* What needs to be done:
Please transcribe only the lines from the one holding "Thumbnail 1 in" through the final line of the data, both included, with no pictures.

########################################

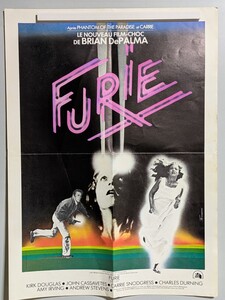 ポスター/FURIE THE FURY フューリー/映画 洋画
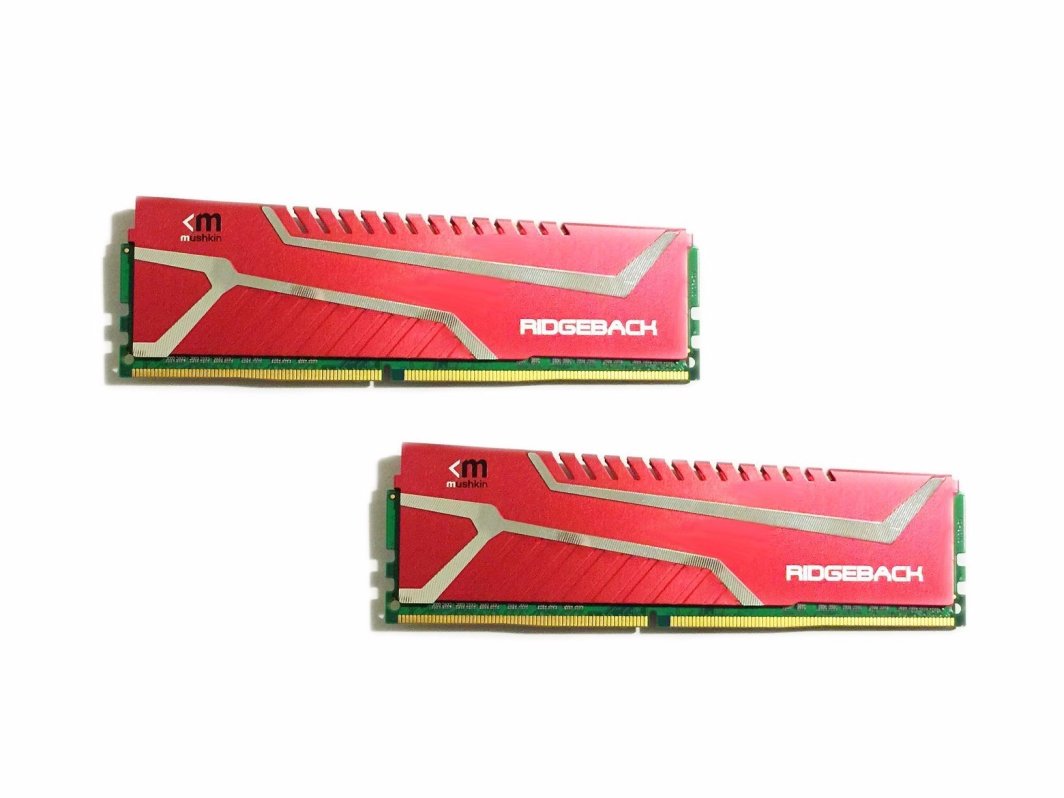 Memorie Mushkin Redline, DDR4, 32 GB, 2666 MHz, CL16, MRB4U266GHHF16GX2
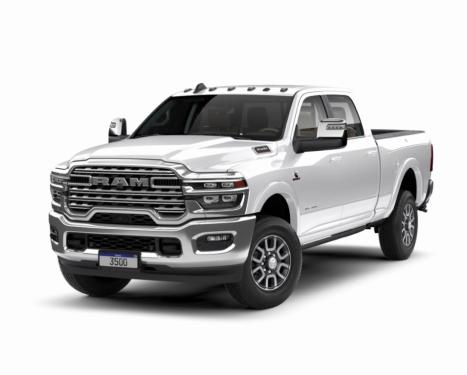 RAM 3500 6.7 I6 LIMITED LONG HORN CABINE DUPLA 4X4 TURBO DIESEL AUTOM�TICO, Foto 1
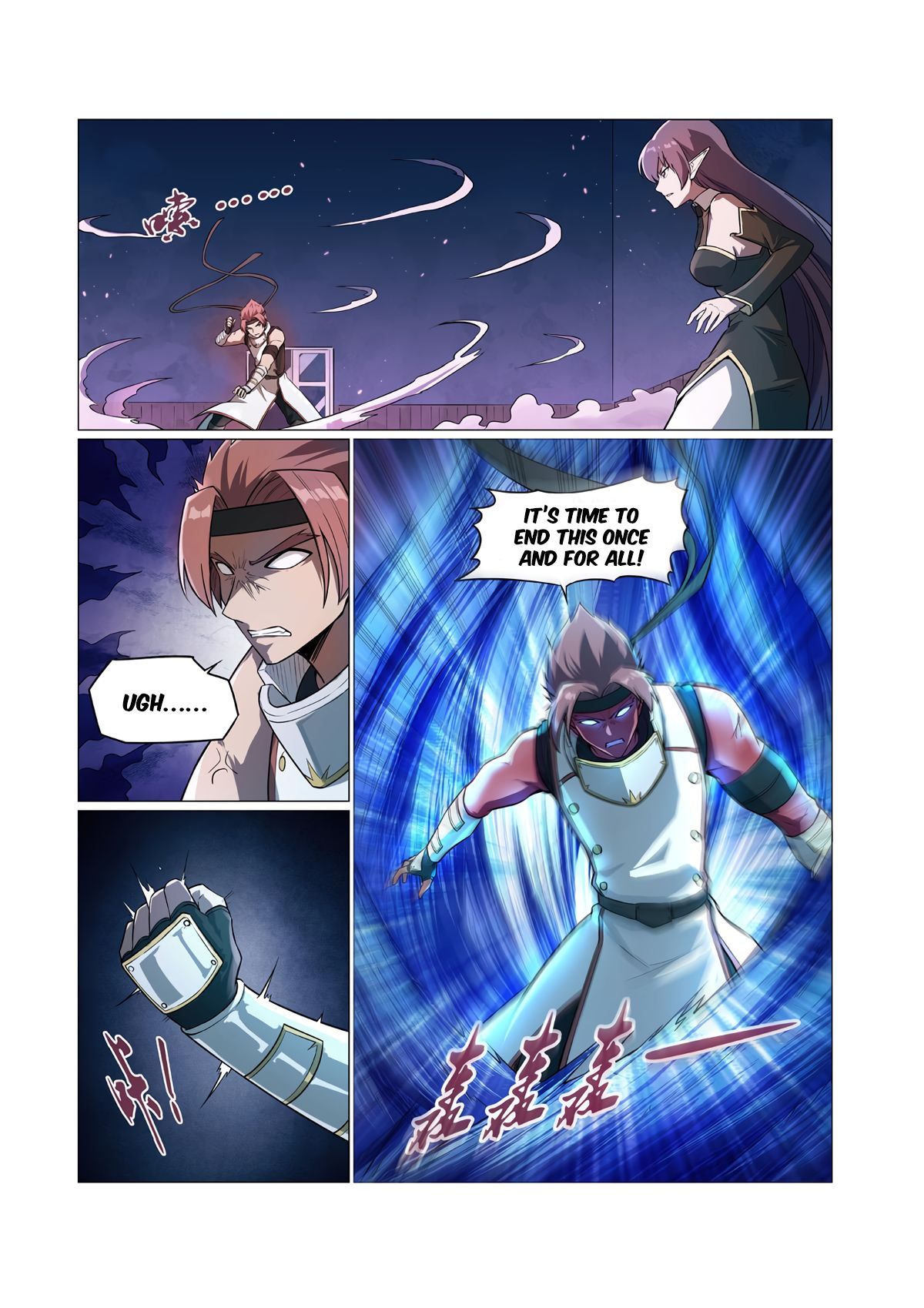The Demon King Who Lost His Job — Chapter 102 — page 13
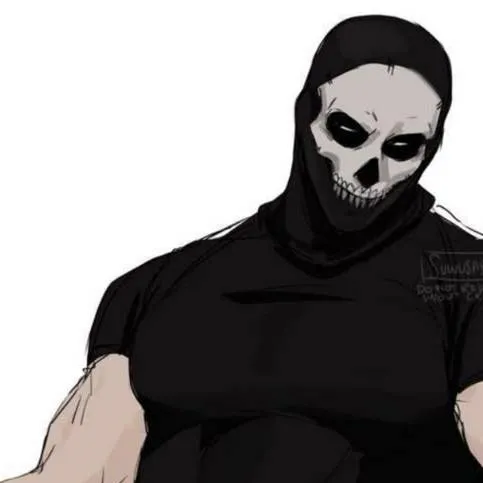 chat with ai character: 💀Ghost💀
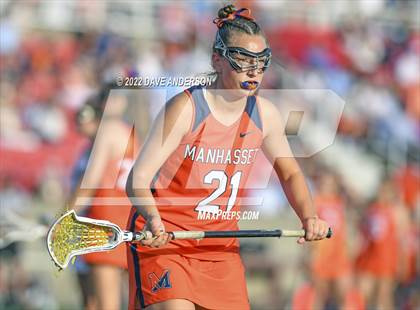 Thumbnail 1 in Bayport-Blue Point vs. Manhasset Class C Final photogallery.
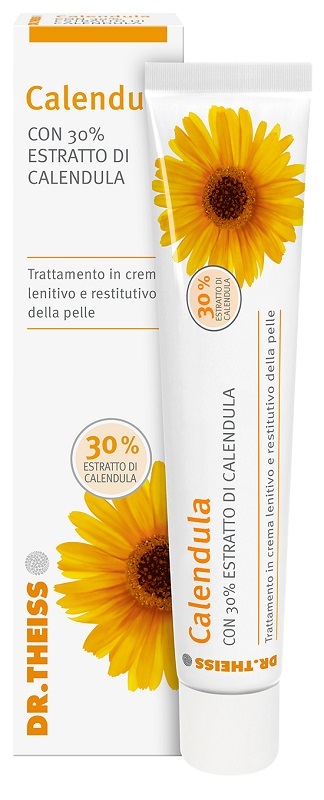 THEISS CALENDULA 30% CREMA 50 ML - Farmamood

########################################

* Solution:
 Thumbnail 1 in Bayport-Blue Point vs. Manhasset Class C Final photogallery.
 THEISS CALENDULA 30% CREMA 50 ML - Farmamood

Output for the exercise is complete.